When you're done adjusting his brace, Gally inspects his recovering hand again. The skin is still dry, tan, and slightly sunburnt, but feels much softer than it did fifteen minutes ago. He compares it to his other hand, redder and dryer.
“What is this stuff, anyway?” he finally thinks to ask.
“Just some lotion I made,” you say with a shrug. “The ingredients make it soothing on irritated skin.”
“Hm.” He stares at his hands a little more.
“Did you… want some for your other hand?”
“If you got some to spare, yeah.” Without another word, you go to the jar, unscrewing the top and dipping two fingers in. You take his good hand, holding it in one of yours and rubbing in lotion with the other.
Your hands cradle his lovingly, and they feel so soft, probably from using your own lotion. The two of you fit together nicely, at least from his perspective, and it would be so easy to curl his fingers around yours and squeeze. Before he knows it, you're done, and you've set his hand down on his lap. “Alright, you're good to go.”
“Gotcha,” he says, standing up.
After screwing the lid onto the jar, you hold it out to him. “Take this and use it when your skin gets dry.”
“Are you sure?” he asks, already opening his palm to accept it.
You nod. “Come back to me for more when it's all gone. You're in the sun way too much to not use lotion.”
“Thanks,” he says quietly, staring at the jar he's now holding, not quite ready to leave. “And, uh. I'm sorry again.”

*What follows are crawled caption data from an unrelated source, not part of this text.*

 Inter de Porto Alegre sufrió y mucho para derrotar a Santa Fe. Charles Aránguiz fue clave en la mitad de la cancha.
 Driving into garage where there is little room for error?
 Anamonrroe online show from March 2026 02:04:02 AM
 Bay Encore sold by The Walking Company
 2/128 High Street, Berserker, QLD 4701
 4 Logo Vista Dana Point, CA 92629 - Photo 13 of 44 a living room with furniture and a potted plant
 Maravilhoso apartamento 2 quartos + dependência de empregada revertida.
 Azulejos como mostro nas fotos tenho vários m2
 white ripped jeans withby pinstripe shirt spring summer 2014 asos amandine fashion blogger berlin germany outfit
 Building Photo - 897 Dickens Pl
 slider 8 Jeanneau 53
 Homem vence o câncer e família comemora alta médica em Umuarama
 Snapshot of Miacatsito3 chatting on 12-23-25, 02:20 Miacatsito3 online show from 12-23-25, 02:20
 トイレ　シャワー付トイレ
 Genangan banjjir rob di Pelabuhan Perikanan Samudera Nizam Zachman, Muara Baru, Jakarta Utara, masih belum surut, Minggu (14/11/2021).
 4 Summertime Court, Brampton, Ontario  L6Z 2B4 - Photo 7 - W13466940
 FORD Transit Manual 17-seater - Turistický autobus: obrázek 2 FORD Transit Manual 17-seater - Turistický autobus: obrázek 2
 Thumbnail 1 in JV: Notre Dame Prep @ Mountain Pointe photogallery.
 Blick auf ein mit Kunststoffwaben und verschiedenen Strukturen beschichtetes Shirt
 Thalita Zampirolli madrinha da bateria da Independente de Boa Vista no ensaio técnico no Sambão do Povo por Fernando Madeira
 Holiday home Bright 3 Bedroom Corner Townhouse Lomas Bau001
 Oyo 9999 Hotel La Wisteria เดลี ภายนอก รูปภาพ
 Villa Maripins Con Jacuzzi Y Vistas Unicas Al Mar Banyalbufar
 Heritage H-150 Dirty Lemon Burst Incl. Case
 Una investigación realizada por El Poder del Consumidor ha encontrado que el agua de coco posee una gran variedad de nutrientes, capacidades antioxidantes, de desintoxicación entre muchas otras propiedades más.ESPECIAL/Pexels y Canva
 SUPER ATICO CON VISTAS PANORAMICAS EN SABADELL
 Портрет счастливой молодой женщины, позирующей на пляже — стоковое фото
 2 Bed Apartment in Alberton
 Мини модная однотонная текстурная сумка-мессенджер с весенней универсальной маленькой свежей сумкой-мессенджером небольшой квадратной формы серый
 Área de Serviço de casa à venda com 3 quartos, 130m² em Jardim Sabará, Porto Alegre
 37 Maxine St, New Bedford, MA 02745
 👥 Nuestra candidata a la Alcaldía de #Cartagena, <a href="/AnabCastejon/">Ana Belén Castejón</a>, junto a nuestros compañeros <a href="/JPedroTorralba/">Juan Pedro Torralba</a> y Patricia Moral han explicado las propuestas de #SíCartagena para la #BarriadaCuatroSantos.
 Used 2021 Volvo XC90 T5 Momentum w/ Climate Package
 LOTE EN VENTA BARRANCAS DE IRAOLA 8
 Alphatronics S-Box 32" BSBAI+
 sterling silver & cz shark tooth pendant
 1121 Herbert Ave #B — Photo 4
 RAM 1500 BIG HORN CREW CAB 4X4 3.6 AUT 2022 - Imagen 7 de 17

You nod and smile sheepishly, lightly punching his shoulder. “It's okay Gal. See you at dinner tonight?”
“Yeah. See you later.”
Gally finally leaves the exam room, walks down the hall, and goes out the front door. He finds the wall he leaned on before you let him inside, and presses his back to it again, the cool bricks in the shade in contrast to the hot sun he's spent most of the day in. His eyes close and his head rolls against the wall with a quiet thump, partially because he's dreads returning to his work site just to get hazed for needing an arm brace after throwing one punch, and partially because he knows he needs to figure out what the fuck he's going to do about you.